5. Godflesh | Post Self

Over the years, the various musical personae of Justin K. Broadrick have usually developed naturally in succession; Godflesh, Jesu, Pale Sketcher, JK Flesh and others have all shot off from what came before, signaling new pathways for Broadrick’s muse. So it was with a touch of dismay that I learned he was rebooting Godflesh back in 2010. It’s not as though he hadn’t retaken old names in the past; Final had recently returned from a 20-year hiatus, after all, but what could Godflesh legitimately be in 2010 but a rehashed relic? I was foolish to be suspicious, though, because Broadrick’s music is ever-evolving regardless of moniker, and the eventual new album (2014’s A World Lit Only By Fire) did not disappoint, and then I got to see Godflesh in the flesh...pant, sweat, drool. Still, none of that quite prepared me for how incredible Post Self was going to be. World Lit kind of was a retread by comparison; Post Self is almost a whole new world opening up for Godflesh. It might be the most sonically eclectic album Broadrick has ever made, yet it’s not some hodgepodge of his other projects—it is unmistakably Godflesh through and through. Maybe “The Cyclic End” borrows elements from Jesu, sure, and I guess you can claim that some of the hazy atmospheric elements are Final-ish, but overall it’s everything I could ever hope for from a modern industrial record: raw, droning, scathing, given to occasional noise barrages, most notably the harrowing multi-layered assault of “Be God”. How does a guy this prolific who’s been in this business 35 years keep making music this fresh and powerful? It boggles the mind.

4. Open Mike Eagle | Brick Body Kids Still Daydream

Most people reading this can probably predict my reaction to the critical adulation regarding Brick Body Kids Still Daydream: ABOUT FUCKING TIME. Now, I can acknowledge, grudgingly, that 2012’s 4NML HSPTL sounds a little less profound in light of what Open Mike Eagle has released since then. I guess maybe he and I have both evolved a little. But come on, the song “4nml” (among others) is still amazing and true and impressive on all counts, especially compared to what was out back then. Rap itself has evolved since then, and Eagle is still at the forefront of his particular sub-movement and to me, simply as a singer/rapper, almost peerless.
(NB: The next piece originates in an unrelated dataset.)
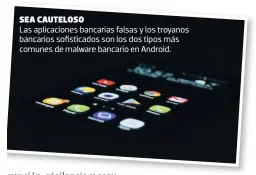  ??  ?? sea cauteloso Las aplicacion­es bancarias falsas y los troyanos bancarios sofisticad­os son los dos tipos más comunes de malware bancario en Android.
Plus, you don’t need to overlook any hangups to like his shit; his intuition and empathy are always on point. In fact, Eagle has always made a point of breaking down barriers, indirectly proclaiming “no matter who you are, you should like whatever you wanna like without fear of judgment”. So now he’s put out his most overtly activist collection, and people are taking notice. But I’m here to tell you that his albums are all political and they’re all concept albums; you might have to spend a little more time with ‘em to catch on to the narrative, but it’s always there. It doesn’t matter if they’re more humorous or more song-y or whatever; if you have a brain, it will be provoked into thinking if you pay attention to Mike. And I’m sorry to use his first name like that, but I feel overly connected to the guy on account of he says the stuff I think about in ways I wish I had the creativity to say ‘em, and having seen him perform for like ten people at the Borg Ward years ago, and having talked to him on a couple occasions, I feel a swell of personal joy that he’s getting recognition. He’s making art that should be heard by everyone. I agree that this is one of the best albums he’s ever made, but what I really hope is that you go back and listen to last year’s Hella Personal Film Festival and get blown away, and check out or revisit Dark Comedy, and let your mind expand with each listen, because there’s something every one of you can learn from every one of Mike’s albums. But shit, I already told you that. And here we are. Basically until capitalism falls I just hope the guy can live comfortably off rap, ‘cause he does it better than most, bitches.

3. BardSpec | Hydrogen

This is the part where I’m supposed to say something like ‘holy shit, metal guys creating beautiful ambient’ and herein lies a hypocrisy of pop culture: Metalheads don’t only like metal. It should come as no surprise that Ivar Bjørnson (Enslaved) would link up with Steve Austin (Today Is The Day) and concoct this masterpiece of dynamic, atmospheric soundscapes. As a whole, it makes me less sad about the breakup of Darkside; that duo’s lone album, 2013’s Psychic, is what Hydrogen sounds the most like to me, which is high praise. There are no words, but this album has taken me on so many grand journeys inward that over time the songs have formed landscapes and narratives in my mind. For me this is very spiritual music; the exploration of the self uncovers extremes of darkness and light, and this music can take you from the depths of unease and fear (“Bone”, “Fire Tongue”) to the heights of warmth and elation (“Gamma”). You just have to draw the story out of yourself rather than have it told to you. Such is life. 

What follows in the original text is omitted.